* _Data provided_:
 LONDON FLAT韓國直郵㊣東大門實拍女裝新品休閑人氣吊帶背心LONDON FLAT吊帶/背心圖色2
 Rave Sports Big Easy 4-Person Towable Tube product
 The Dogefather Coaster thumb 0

* * *

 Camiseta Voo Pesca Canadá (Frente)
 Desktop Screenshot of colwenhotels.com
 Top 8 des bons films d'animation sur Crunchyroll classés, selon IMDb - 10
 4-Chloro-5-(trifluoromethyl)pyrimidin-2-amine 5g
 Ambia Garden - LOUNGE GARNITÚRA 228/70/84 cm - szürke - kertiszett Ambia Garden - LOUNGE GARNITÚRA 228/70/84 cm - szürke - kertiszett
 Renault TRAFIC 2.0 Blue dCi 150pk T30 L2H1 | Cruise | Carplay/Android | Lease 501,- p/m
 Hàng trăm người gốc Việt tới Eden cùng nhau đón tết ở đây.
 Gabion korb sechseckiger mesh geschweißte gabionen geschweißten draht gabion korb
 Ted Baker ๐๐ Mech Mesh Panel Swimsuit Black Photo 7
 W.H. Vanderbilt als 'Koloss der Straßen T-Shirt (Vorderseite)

* * *

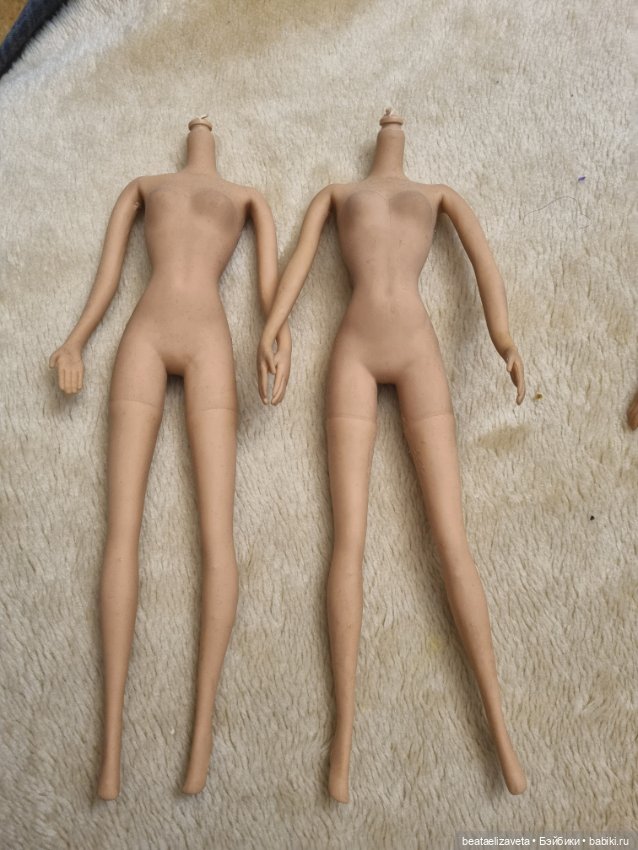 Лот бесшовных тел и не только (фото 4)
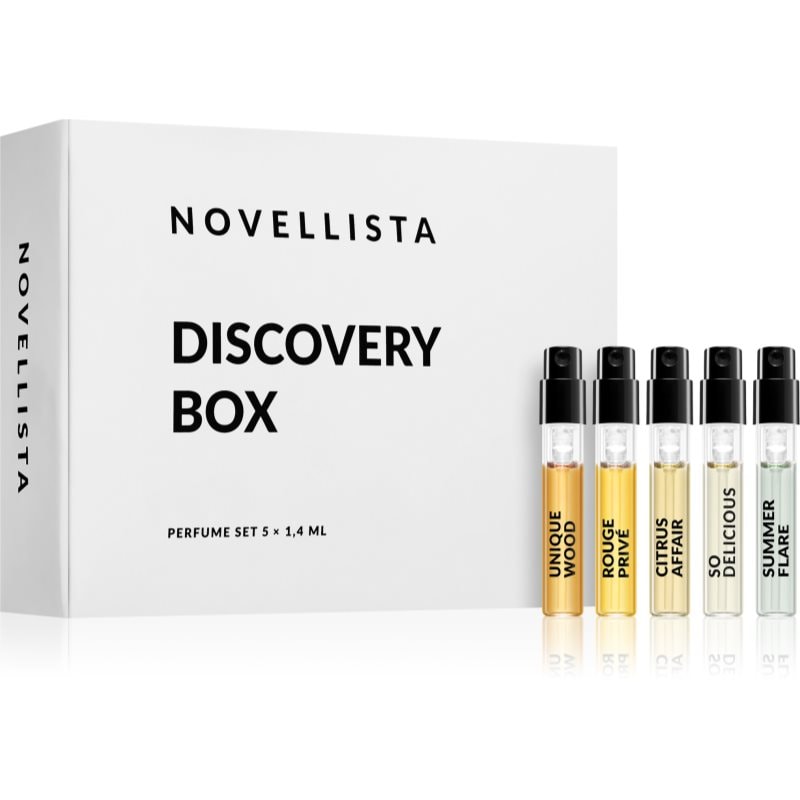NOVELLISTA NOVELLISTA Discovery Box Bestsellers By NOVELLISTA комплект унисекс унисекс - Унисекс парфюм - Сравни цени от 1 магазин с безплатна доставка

* _What to work on_:
Starting at the line above that holds "- kertiszett Ambia" and ending at the line that holds "W.H. Vanderbilt als", transcribe each line exactly and include no other lines.

* _Task result_:
 Ambia Garden - LOUNGE GARNITÚRA 228/70/84 cm - szürke - kertiszett Ambia Garden - LOUNGE GARNITÚRA 228/70/84 cm - szürke - kertiszett
 Renault TRAFIC 2.0 Blue dCi 150pk T30 L2H1 | Cruise | Carplay/Android | Lease 501,- p/m
 Hàng trăm người gốc Việt tới Eden cùng nhau đón tết ở đây.
 Gabion korb sechseckiger mesh geschweißte gabionen geschweißten draht gabion korb
 Ted Baker ๐๐ Mech Mesh Panel Swimsuit Black Photo 7
 W.H. Vanderbilt als 'Koloss der Straßen T-Shirt (Vorderseite)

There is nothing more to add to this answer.